EXERCISE GOAL:
Transcribe word for word the section of the records below that opens with the line containing "I32876D Florida License Plate" and closes with the line containing "kai 🤍 profile pic"; drop every picture.

DATASET ENTRIES:
============
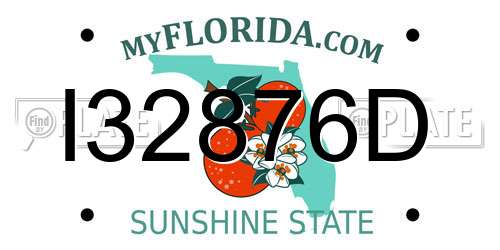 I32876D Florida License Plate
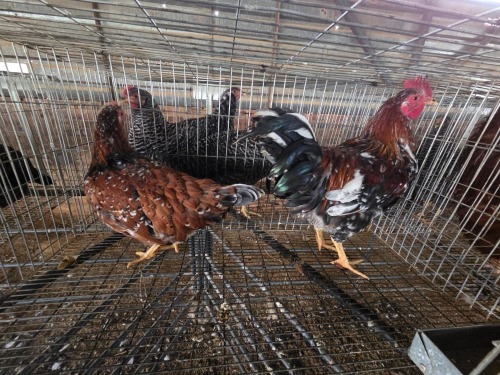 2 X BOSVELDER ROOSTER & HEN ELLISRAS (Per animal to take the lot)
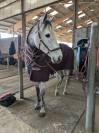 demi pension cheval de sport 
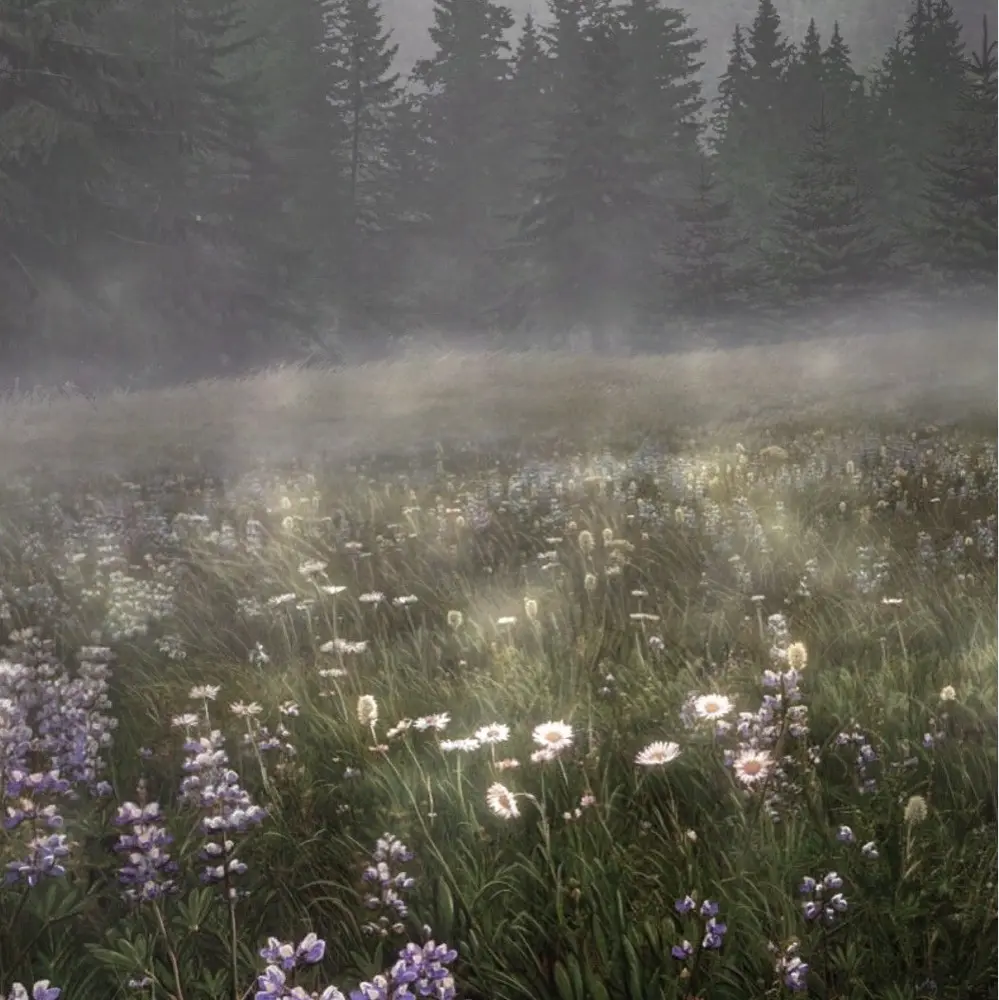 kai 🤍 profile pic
============
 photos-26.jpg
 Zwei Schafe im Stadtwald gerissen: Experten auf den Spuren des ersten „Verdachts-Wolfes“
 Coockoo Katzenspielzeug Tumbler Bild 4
============
SOLUTION TO THE EXERCISE:
 I32876D Florida License Plate
 2 X BOSVELDER ROOSTER & HEN ELLISRAS (Per animal to take the lot)
 demi pension cheval de sport 
 kai 🤍 profile pic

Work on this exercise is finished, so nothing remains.